[Opening RECORDS TO PROCESS section]

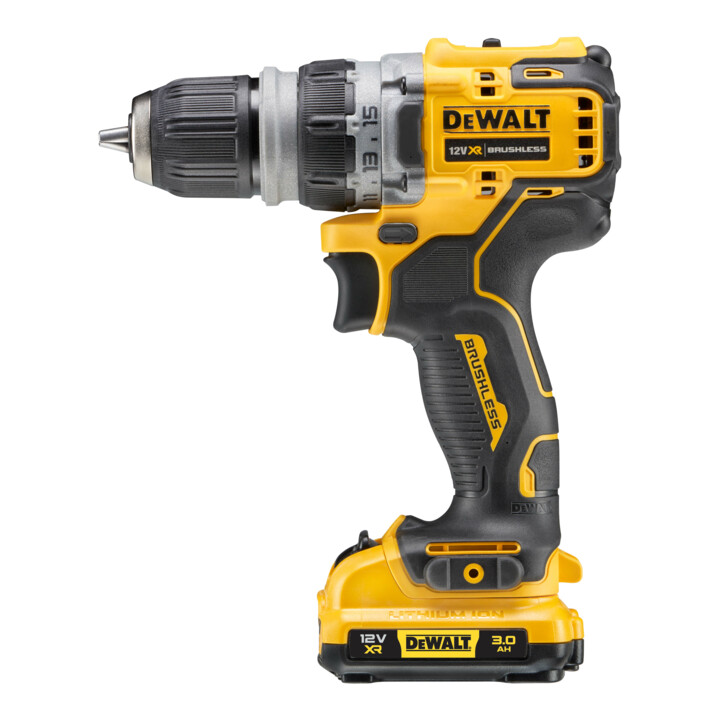 Perceuse-visseuse sans fil DEWALT 12 volts / 3 Ah avec 4 porte-outils interchangeables sans outil DCD703L2T-QW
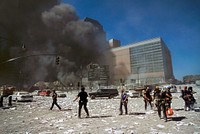 Rescue operations during the aftermath of the September 11 terrorist attack on the World Trade Center, New York City. Courtesy of the Prints and Photographs Division, Library of Congress. Digitally enhanced by rawpixel.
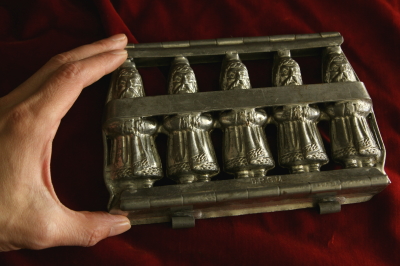 アンティークチョコレートモールド サンタクロース ドイツ 20161101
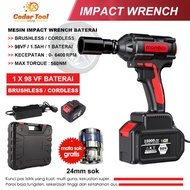 98Vf impact baterai torsi besar impek pembuka baut motor/mobil mesin impact wrench murah inpek cas p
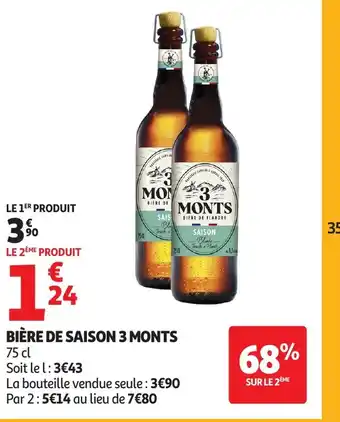Auchan 3 MONTS Bière de saison offre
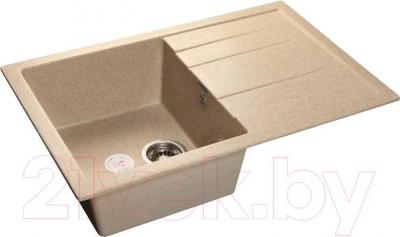 Мойка кухонная GranFest Quadro GF-Q780L (песок) - фото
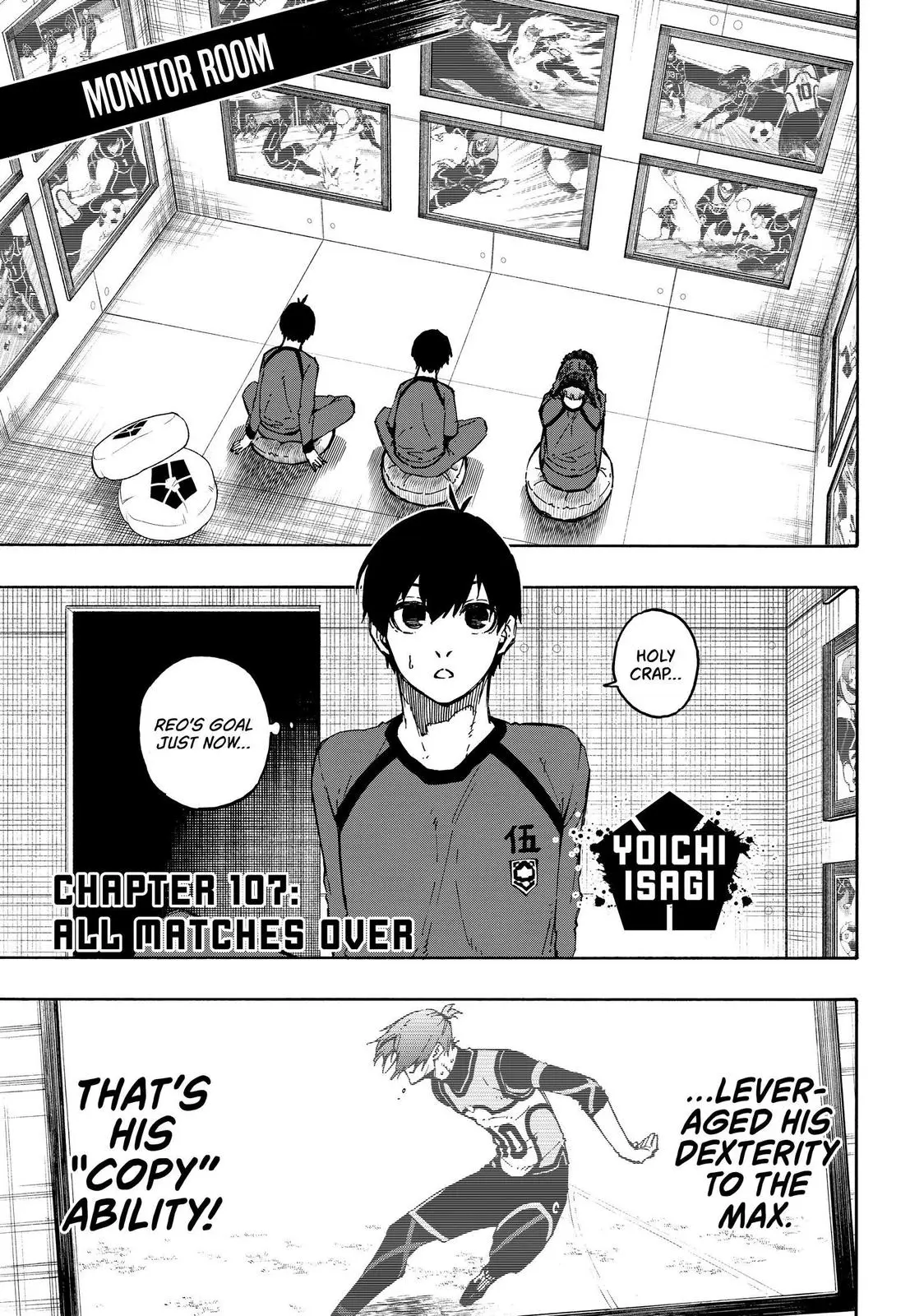 B Lock Manga, chapter 107, page 1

[Closing RECORDS TO PROCESS section]

ASSIGNED TASK: Each record above must be returned exactly as written, with its pictures omitted.

EXPECTED OUTPUT:
 Perceuse-visseuse sans fil DEWALT 12 volts / 3 Ah avec 4 porte-outils interchangeables sans outil DCD703L2T-QW
 Rescue operations during the aftermath of the September 11 terrorist attack on the World Trade Center, New York City. Courtesy of the Prints and Photographs Division, Library of Congress. Digitally enhanced by rawpixel.
 アンティークチョコレートモールド サンタクロース ドイツ 20161101
 98Vf impact baterai torsi besar impek pembuka baut motor/mobil mesin impact wrench murah inpek cas p
Auchan 3 MONTS Bière de saison offre
 Мойка кухонная GranFest Quadro GF-Q780L (песок) - фото
 B Lock Manga, chapter 107, page 1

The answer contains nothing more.